Openreach already employs more than 34,500 people, including more than 25,000 engineers who build, maintain and connect customers to its nationwide broadband network. Of these, more than 3,400 live and/or work in the South West.

Over the last two years, Openreach has created more than 6,500 trainee engineering roles to support its build programme and to deliver improved customers service.

The new trainee apprenticeship roles will be filled during 2021 and come with a starting salary of £21,845 and recruits can be earning up to £28,353 following 12 months of specialist training to achieve an NVQ level 2, in one of Openreach’s world class training centres.

This year, Openreach placed 15th in The Sunday Times ’25 Best Big Companies To Work For’.

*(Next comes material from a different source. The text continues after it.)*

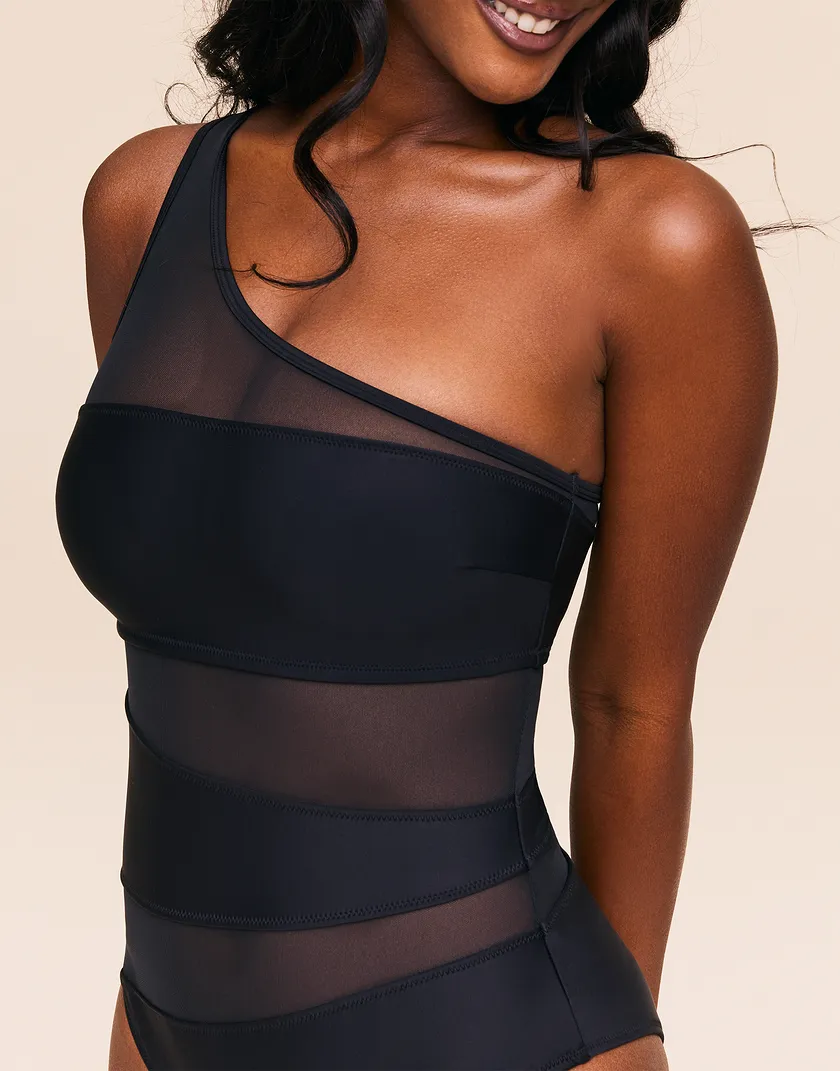 Kimora Black Contour swimwear bundle Model 4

To find out more about becoming an Openreach engineer please visit our website at www.openreach.co.uk/te.

[1] 5,300 jobs: Direct Labour; 2,552 plus 2,800 subcontractor roles - of which 1600 are in Service Delivery, 700 Chief Engineering, and 500 in Fibre Network & Delivery

[i] Full list of partners: Kellys Group, Instalcom, Kier, KN, MJ Quinn, Morrisons, Telent, John Henry Group and NMCN

[ii] Not including specialist vehicles and equipment (e.g. hoists/cherry-pickers, ditch witches etc.)

About Openreach

Openreach Limited is the UK’s digital network business.  

We’re more than 35,000 people, working in every community to connect homes, schools, shops, banks, hospitals, libraries, mobile phone masts, broadcasters, governments and businesses – large and small – to the world. 

Our mission is to build the best possible network, with the highest quality service, making sure that everyone in the UK can be connected. 

We work on behalf of more than 665 communications providers like BT, SKY, TalkTalk, Vodafone, and Zen, and our broadband network is the biggest in the UK, passing more than 31.8m premises. 

Over the last decade we’ve invested more than £15 billion into our network and, at more than 190 million kilometres – it’s now long enough to wrap around the world 4,798 times. 

Today we’re building an even faster, more reliable and future-proof broadband network which will be the UK’s digital platform for decades to come. We’re making progress towards our full fibre optic network target to reach 25 million premises by December 2026. Research shows a nationwide Full Fibre network could potentially provide a £59bn boost to UK productivity.

To help build the new fibre network and deliver better service across the country – we’ve created and filled more than 9,000 apprenticeship roles in the last two years and we’re recruiting another 1,000 trainee roles in Openreach in 2021. We’re also building greener – we operate the UK’s second largest commercial fleet and want to help lead the transition to electric vehicles, with a target to transition our fleet to being electric in 2030. 

Openreach is a highly regulated, wholly owned, and independently governed unit of the BT Group. More than 90 per cent of our revenues come from services that are regulated by Ofcom and any company can access our products under equivalent prices, terms and conditions. 

For the year ended 31 March 2021, we reported revenue of £5,244m.